Wednesday, January 4, 2012

Why Text Messaging Will Continue To Decline In India

While there is no specific data on India, it appears that text messaging (rather, SMS’) reported a decline in several parts of the world, reports the New York Times blog, with drops being reported in Finland, (via Forbes), Hong Kong, Australia, and slow growth in the United States. While there is no data available on India yet, our sense is that by the time we get earnings reports in the next month or so, we’ll see a year-on-year decline in SMS revenues, and the slide might continue. This should worry telecom operators, because SMS is essentially a low cost, high margin business. The changes over the last year that we think are contributing to the decline of SMS:
1. The Push For Mobile social networking: sites like Facebook and Twitter has received massive marketing support in India from almost all telecom operators trying to encourage subscribers to subscribe to data services. What’s particularly interesting is that Size Zero (no data consumption) partnerships have been inked with Facebook (with Reliance Communication, Videocon etc for 0.Facebook.com and with Airtel for Twitter, essentially using social networks as a gateway to more data consumption. With messaging moving to social networks, SMS loses out.
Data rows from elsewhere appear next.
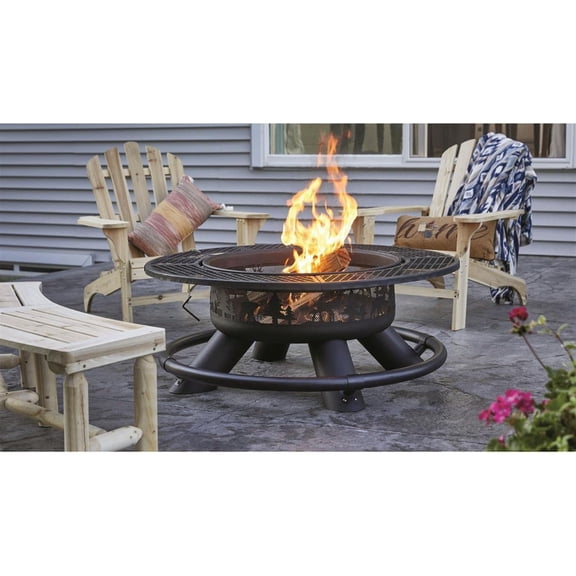 47" Fire Pit BBQ Grill Outdoor Wood Burning Steel Log Firepit for Camping, Grilling, Smores, Yard, Cooking Outside, Barbecue, Bonfire WildernessFire Pit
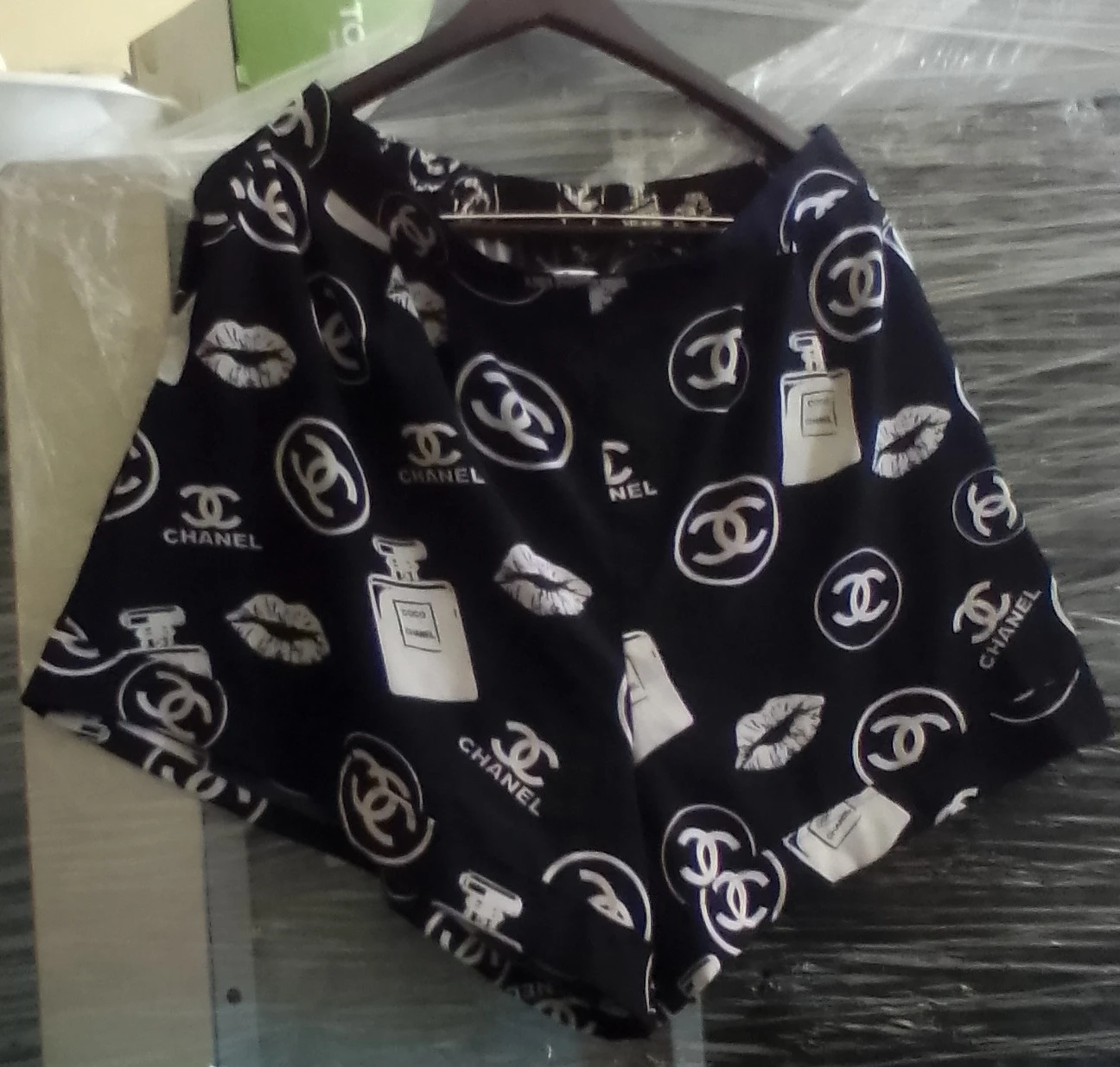 Chanel Inspired Black & White Print Shorts Set - photo 2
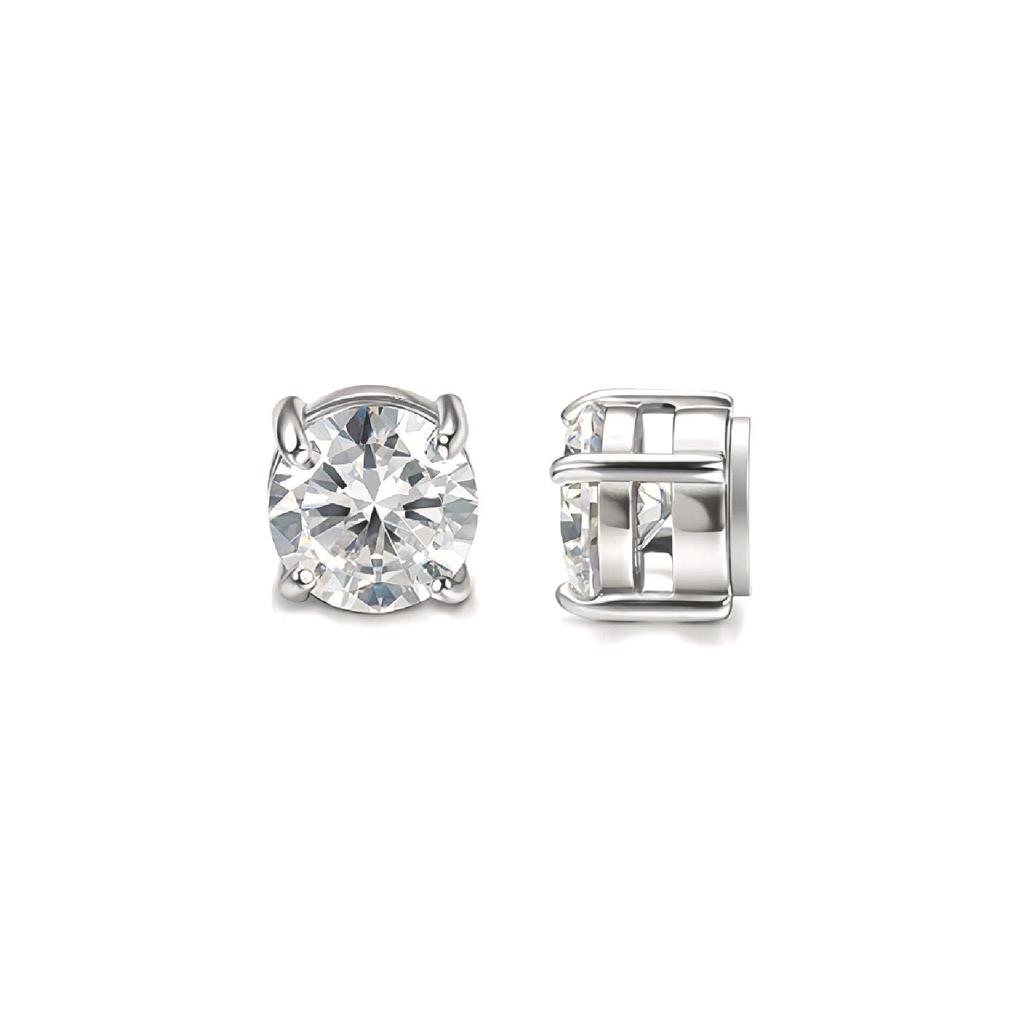 Zirkonia Magnet-Kralle Fake Ohrringe - Unisex Ohrklemme ohne Piercing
2. The Rise of  the mobile IM: The surprise from last year was the rise of the Blackberry Messenger and little known Whatsapp, both of which allow asynchronous instant messaging on the mobile, thus replacing SMS. Blackberry promoted its BBM services in India, and Whatsapp grew organically, almost entirely through word-of-mouth.
3. Known vs Unknown Networks: The spurt in spam messages on mobile, at least for me, made SMS almost redundant, because messages received were almost always spam, and hence I checked messages much less often, and preferred other modes of messaging over SMS for communication. What data based alternatives like BBM and Whatsapp did to SMS do, is offer messaging to known networks, which are more acceptable to users, because of little or no spam. You’re receiving messages largely from your known network, and a network that you’re more likely to exchange messages with, rather than random strangers.
4. The 100-200 SMS limit, and restriction on data packs: The TRAI, earlier in 2011, instituted a 100 SMS per SIM limit, and forced telecom operators to shelve existing SMS packs, which allowed users thousands of text messages for a comparatively low cost, which were modified once the TRAI mandated limits. For example, a Rs 89 pack on Vodafone allowed 20,000 SMS’ a month, but was reduced to 3000 messages following the 100 SMS per day limit was imposed. The TRAI subsequently increased the limit to 200 SMS per day, but it appears that Vodafone hasn’t increased the packs limit to 6000 messages per month.
What happened during the year is that alternatives on the mobile were presented to users in the form of social networks and IM, and then government policy pushed or forced consumers to look for alternatives. This would have fueled the growth of BBM and Whatsapp and other IM alternatives, apart from messaging via social networks like Facebook and Twitter.
But does this mean that SMS will die in 2012? I don’t think so. One problem I have noticed with Whatsapp, is that there have been a few occasions when messages have been delivered very late or not at all, and not everyone is logged on to Facebook and Twitter all the time. Unless data services become more pervasive and consistent – there are many areas of poor data coverage in India, even within major cities – the immediacy and relative consistency of SMS will save it. But not without a decline.